The Green Pages
For publisher Dawn Codd, making direct mail magazines more eco-friendly is the right thing to do for the planet — and for her business
Dawn Codd firmly believes that her three direct mail lifestyle magazines — all stuffed with special offers, restaurant reviews and events listings — bring plenty of value to the 97,000 readers in the upscale communities that the magazines target.
But the Washington, D.C.–based publisher also knows that, in an era of ever-increasing ecological awareness, some recipients may view direct mail publications as a waste of precious natural resources. For that reason — and because she and her partners personally support environmental causes — Codd wanted to reduce both that perception and the size of her company’s “footprint” on the earth. “Our beliefs are why we did what we did,” she says.
What they did was adopt an aggressively conservation-oriented approach to producing the trio of publications: City Living Source (citylivingsource.com), for households in D.C.; City Living Source-Baltimore (citylivingbaltimore.com), for similarly well-heeled readers in that city; and Howard County Living (howardliving.com), for residents of an affluent suburban area in central Maryland. (Each publication goes to about 32,000 readers six times a year.)
Beginning with their January 2008 issues, all three magazines have become significantly more eco-friendly.
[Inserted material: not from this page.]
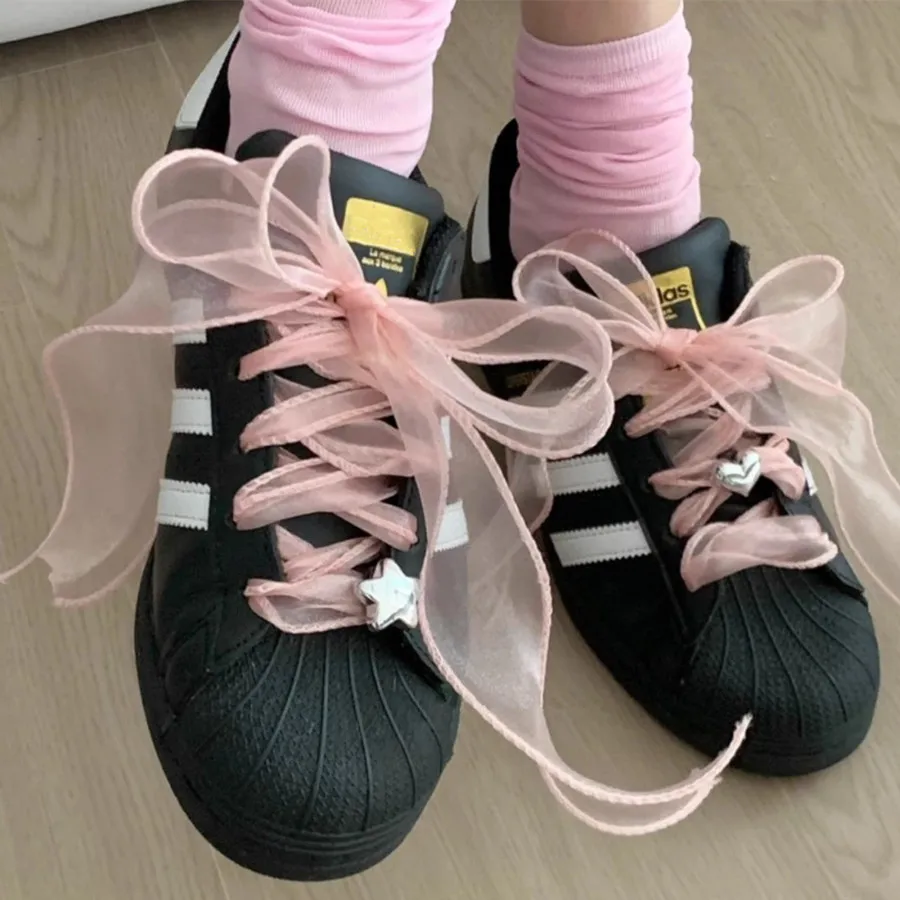 Color: black, Length: 120cm - 4cm Wide Festoon Fishtail Organza Shoelaces Wave Chiffen Fall Winer Bow Laces Beauty White Casual Sneaker DE Training Shoes Lace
That’s a change that involves more than simply adding green content — although there’s more of that these days, too. Codd has focused on producing the magazines as cleanly and greenly as possible. “Everything about our business is about recycling and sustainability,” she says.
Specifically, the publications are printed only on Forest Stewardship Council–certified paper, meaning that it’s from timber grown and harvested according to the international forest-management association’s strict environmental standards. In addition, Codd recently switched to a new printer that uses soy-based ink, an alcohol-free press operation and a filmless, all-digital printing process that eliminates the need for silver and chemicals. “That’s all more healthful for readers and for the environment,” says Codd, who has promoted the printer’s techniques in print and online.
But what she hasn’t publicly emphasized is what those changes are costing her young business: an additional $1,000 per issue for each magazine. That’s an expense that she’s not passing on to advertisers until next year: “[Going green] was so important because of our personal beliefs that we were going to do it no matter what,” she says. “Our advertising rates will go up as our circulation goes up. And our circulation is growing pretty fast.”